10.3349/ymj.2006.47.2.157
- Author:
Jun IWAMOTO
1
;
Tsuyoshi TAKEDA
;
Yoshihiro SATO
Author Information
1. Department of Sports Medicine, Keio University School of Medicine, Tokyo, Japan. jiwamoto@sc.itc.keio.ac.jp
- Publication Type:Review
- Keywords:
Vitamin K2;
bone formation;
bone resorption;
rat;
osteopenia
- MeSH:
Vitamin K 2/chemistry/metabolism/*pharmacology;
Tomography, X-Ray Computed;
Tibia/pathology;
Rats;
Osteoporosis/*drug therapy/*prevention & control;
Male;
Magnesium Deficiency/diagnosis;
Magnesium/metabolism;
Homeostasis;
Female;
*Disease Models, Animal;
Diphosphonates;
Calcium/metabolism;
Bone and Bones/*drug effects/metabolism;
Bone Resorption;
Bone Diseases, Metabolic/*metabolism;
Animals
- From:Yonsei Medical Journal
2006;47(2):157-166
- CountryRepublic of Korea
- Language:English
-
Abstract:
Vitamin K2 is widely used for the treatment of osteoporosis in Japan. To understand the effects of vitamin K2 on bone mass and bone metabolism, we reviewed its effects on the development of osteopenia in rats, which characterizes models of osteoporosis. Vitamin K2 was found to attenuate the increase in bone resorption and/or maintain bone formation, reduce bone loss, protect against the loss of trabecular bone mass and its connectivity, and prevent the decrease in strength of the long bone in ovariectomized rats. However, combined treatment of bisphosphonates and vitamin K2 had an additive effect in preventing the deterioration of the trabecular bone architecture in ovariectomized rats, while the combined treatment of raloxifene and vitamin K2 improved the bone strength of the femoral neck.
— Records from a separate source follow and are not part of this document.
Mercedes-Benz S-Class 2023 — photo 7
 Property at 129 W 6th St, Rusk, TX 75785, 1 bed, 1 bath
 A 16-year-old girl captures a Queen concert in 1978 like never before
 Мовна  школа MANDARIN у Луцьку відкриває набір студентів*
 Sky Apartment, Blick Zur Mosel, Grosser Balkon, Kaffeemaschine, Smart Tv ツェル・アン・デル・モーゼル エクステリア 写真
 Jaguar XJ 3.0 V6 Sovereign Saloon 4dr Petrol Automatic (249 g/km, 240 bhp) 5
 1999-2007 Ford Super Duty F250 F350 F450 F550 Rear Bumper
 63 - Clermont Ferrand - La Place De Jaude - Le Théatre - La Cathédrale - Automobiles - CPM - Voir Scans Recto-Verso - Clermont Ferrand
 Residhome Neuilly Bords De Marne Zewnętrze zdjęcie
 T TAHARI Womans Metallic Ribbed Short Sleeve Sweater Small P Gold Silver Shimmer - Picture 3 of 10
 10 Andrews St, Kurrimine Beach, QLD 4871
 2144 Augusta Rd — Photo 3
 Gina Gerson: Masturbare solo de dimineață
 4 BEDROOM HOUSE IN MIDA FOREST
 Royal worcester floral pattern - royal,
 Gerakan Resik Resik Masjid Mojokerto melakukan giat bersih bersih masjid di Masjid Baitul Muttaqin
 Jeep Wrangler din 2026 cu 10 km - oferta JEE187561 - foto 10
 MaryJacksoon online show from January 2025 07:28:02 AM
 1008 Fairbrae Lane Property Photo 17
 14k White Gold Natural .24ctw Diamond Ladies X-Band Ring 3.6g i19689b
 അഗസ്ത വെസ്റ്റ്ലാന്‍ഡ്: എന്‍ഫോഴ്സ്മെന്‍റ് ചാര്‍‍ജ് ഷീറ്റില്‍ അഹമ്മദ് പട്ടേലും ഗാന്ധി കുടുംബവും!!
The use of vitamin K2 alone suppressed the increase in trabecular bone turnover and endocortical bone resorption, which attenuated the development of cancellous and cortical osteopenia in orchidectomized rats. In addition, vitamin K2 inhibited the decrease in bone formation in prednisolone-treated rats, thereby preventing cancellous and cortical osteopenia. In sciatic neurectomized rats, vitamin K2 suppressed endocortical bone resorption and stimulated bone formation, delaying the reduction of the trabecular thickness and retarding the development of cortical osteopenia. Vitamin K2 also prevented the acceleration of bone resorption and the reduction in bone formation in tail-suspended rats, which counteracted cancellous bone loss. Concomitant use of vitamin K2 with a bisphosphonate ameliorated the suppression of bone formation and more effectively prevented cancellous bone loss in tail-suspended rats. Vitamin K2 stimulated renal calcium reabsorption, retarded the increase in serum parathyroid hormone levels, and attenuated cortical bone loss primarily by suppressing bone resorption in calcium-deficient rats while maintaining the strength of the long bone in rats with magnesium deficiency. These findings suggest that vitamin K2 may not only stimulate bone formation, but may also suppress bone resorption. Thus, vitamin K2 could regulate bone metabolism in rats, which represented the various models of osteoporosis. However, the effects of vitamin K2 on bone mass and bone metabolism seem to be modest.